De là découle toute une
série de techniques : militarisation des civils,
regroupement des villages, endoctrinement
des non-combattants, légitimation et
systématisation de la torture, etc...
On sait que ces techniques ont été
utilisées en Algérie. On n’ignorait
en revanche que cette doctrine avait
également inspiré les autorités françaises
au Cameroun dès janvier 1955.

Roland
Pré, alors haut-commissaire de la France
à Yaoundé, demande à toute la hiérarchie
administrative de s’inspirer des réflexions
du colonel Charles Lacheroy, principal
théoricien de la DGR. A partir de là, la
DGR a constitué la matrice et la colonne
vertébrale du système politico-sécuritaire
came­rounais.
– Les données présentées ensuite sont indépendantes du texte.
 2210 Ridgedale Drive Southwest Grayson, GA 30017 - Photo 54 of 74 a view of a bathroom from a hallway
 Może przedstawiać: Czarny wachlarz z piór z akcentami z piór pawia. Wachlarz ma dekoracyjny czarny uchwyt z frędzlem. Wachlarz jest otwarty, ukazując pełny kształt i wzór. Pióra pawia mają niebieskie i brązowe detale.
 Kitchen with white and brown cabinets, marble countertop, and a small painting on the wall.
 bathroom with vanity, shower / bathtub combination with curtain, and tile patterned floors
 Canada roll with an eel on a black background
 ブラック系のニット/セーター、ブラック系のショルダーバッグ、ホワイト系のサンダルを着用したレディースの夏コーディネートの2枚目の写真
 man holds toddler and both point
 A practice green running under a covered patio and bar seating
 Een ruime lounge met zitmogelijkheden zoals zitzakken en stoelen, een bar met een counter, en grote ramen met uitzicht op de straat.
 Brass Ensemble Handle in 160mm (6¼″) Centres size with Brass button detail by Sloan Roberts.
Et, d’une certaine façon,
elle le demeure encore aujourd’hui.

Vous dites que ce modèle de guerre
est aussi une des épines dorsales de la
Françafrique...

Comme l’ont montré avant nous d’autres
chercheurs et journalistes, la DGR porte en
elle un double danger. D’un côté, elle offre une technologie propice aux génocides :
anéantissement d’un « ennemi intérieur »
défini ethniquement (comme au Rwanda).
De l’autre, son aspect « totalitaire »
facilite l’établissement de dictatures
féroces dont la perpétuation ne se justifie
que par l’éradication permanente de toute
opposition, réelle ou potentielle (comme
ce fut le cas en Amérique latine dans les
années 1960-1970).

Dans le cas du Cameroun, la guerre que
la France a menée contre mouvement
indépendantiste à partir de 1955 va se
perpétuer, à partir des années 1961-1962, sous la forme d’un système de
gouvernement.

En d’autres termes : alors
que l’UPC continue de résister les armes
à la main jusqu’à la fin des années 1960,
la guerre française mute en dictature
africaine. Les techniques de guerre initiées
par les Français – torture, délation, lavage
de cerveau, culte de l’« apolitisme », traque
des « subversifs »... – vont devenir des
méthodes de gouvernement quotidien.

Ce qu’il y a de plus étonnant, c’est que
le Cameroun, considéré dans les années
1950 comme une « brèche » dans l’empire
français, du fait de son statut international,
va progressivement devenir, aux yeux
des Français, un « poisson pilote » de la
décolonisation.

Premier pays à accéder
à une « indépendance sous contrôle
français
 » et premier pays soumis à
une opération « extérieure » de l’armée
française en Afrique, dès 1960, le
Cameroun devient l’« exemple » d’une
gestion rénovée – mais toujours autoritaire
– de la domination coloniale. Et par
conséquent un « modèle » à exporter.

Parce qu’elle a été gagnée par la France,
la guerre du Cameroun a ainsi constitué
le laboratoire de ce système françafricain
que nous qualifions de « néocolonialisme
contre-subversif
 ».

llustration extraite de Kamerun ! Entraînement des élèves officiers de l’Ecole militaire interarmes du Cameroun, dans la zone de Koutaba en 1960, sous la supervision d’instructeurs français. Selon le colonel Sylvestre Mang, il s’agirait – dans la photo ci-dessus – du lieutenant Lefèvre (à côté de la lampe tempête) et de son adjoint Raymond Bosseboeuf (Archives nationales de Yaoundé).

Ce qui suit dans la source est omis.